## What you are asked to do
Using the data below, return the stretch from the line that contains "lots 32&34 Last Frontier Trail - Photo 1" through the line that contains "Z120×18株 バラマリア 抜き苗 多肉植物 アエオニウム エケベリア", both included, exactly as it stands and nothing beyond it.

## Data for the task

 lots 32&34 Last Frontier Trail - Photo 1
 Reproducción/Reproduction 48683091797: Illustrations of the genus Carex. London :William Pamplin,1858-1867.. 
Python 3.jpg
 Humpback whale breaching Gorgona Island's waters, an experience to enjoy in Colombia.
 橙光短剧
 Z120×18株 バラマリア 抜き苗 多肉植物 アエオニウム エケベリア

---

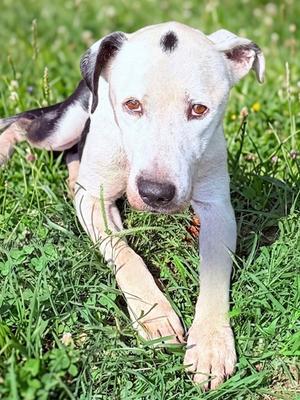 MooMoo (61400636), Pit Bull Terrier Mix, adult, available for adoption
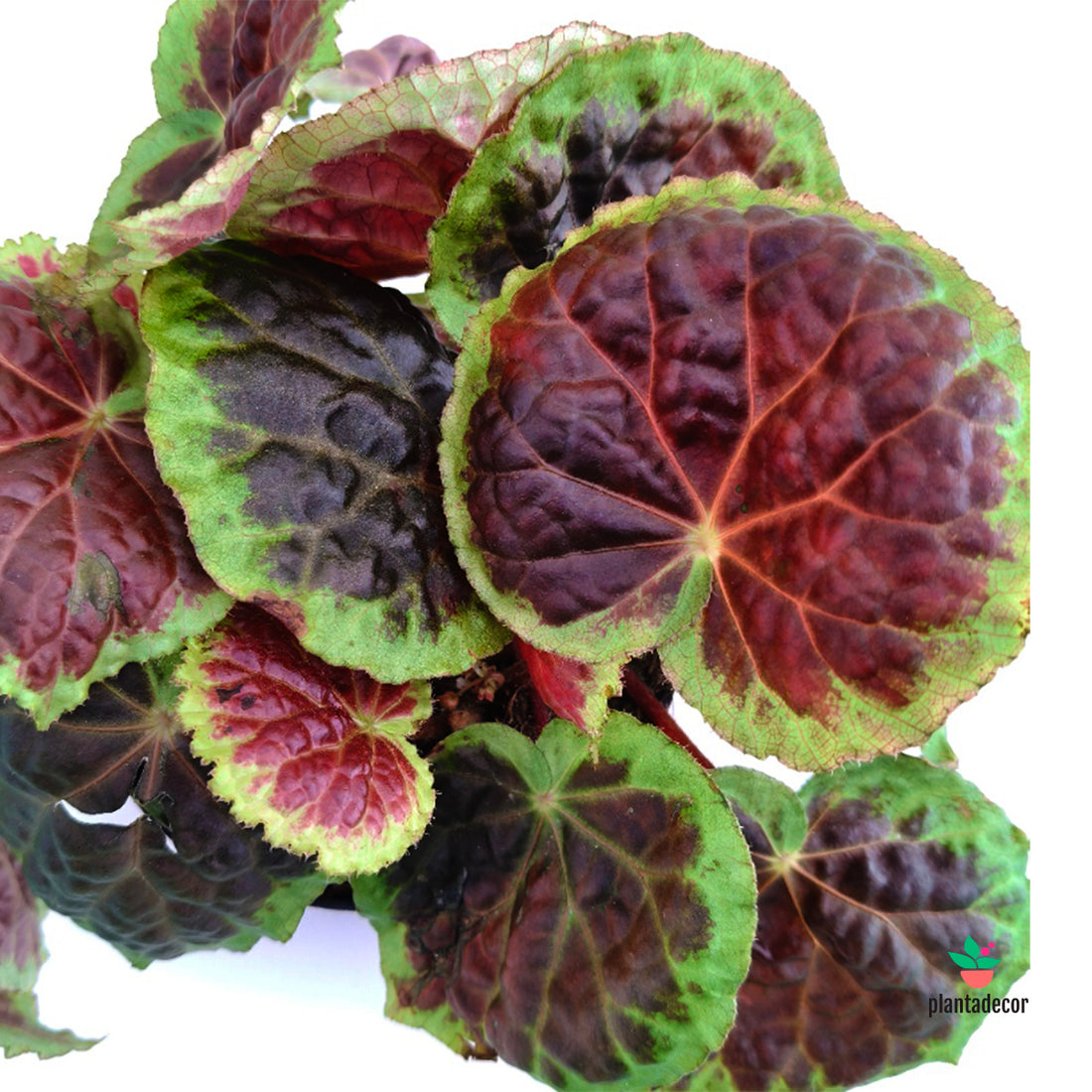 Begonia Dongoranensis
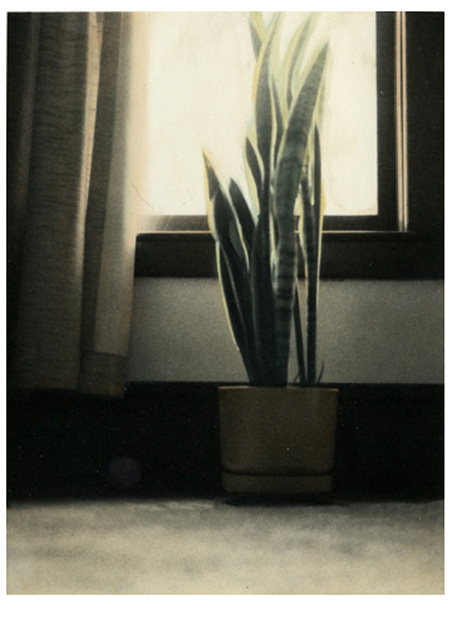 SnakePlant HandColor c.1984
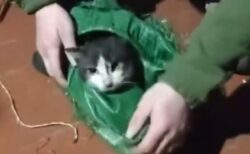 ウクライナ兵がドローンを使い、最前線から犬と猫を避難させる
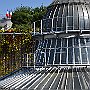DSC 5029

* * *

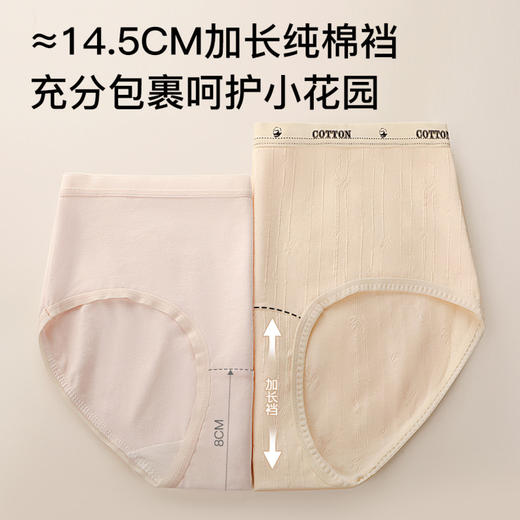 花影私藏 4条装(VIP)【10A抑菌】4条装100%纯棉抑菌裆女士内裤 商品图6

## Response to the exercise
 lots 32&34 Last Frontier Trail - Photo 1
 Reproducción/Reproduction 48683091797: Illustrations of the genus Carex. London :William Pamplin,1858-1867.. 
Python 3.jpg
 Humpback whale breaching Gorgona Island's waters, an experience to enjoy in Colombia.
 橙光短剧
 Z120×18株 バラマリア 抜き苗 多肉植物 アエオニウム エケベリア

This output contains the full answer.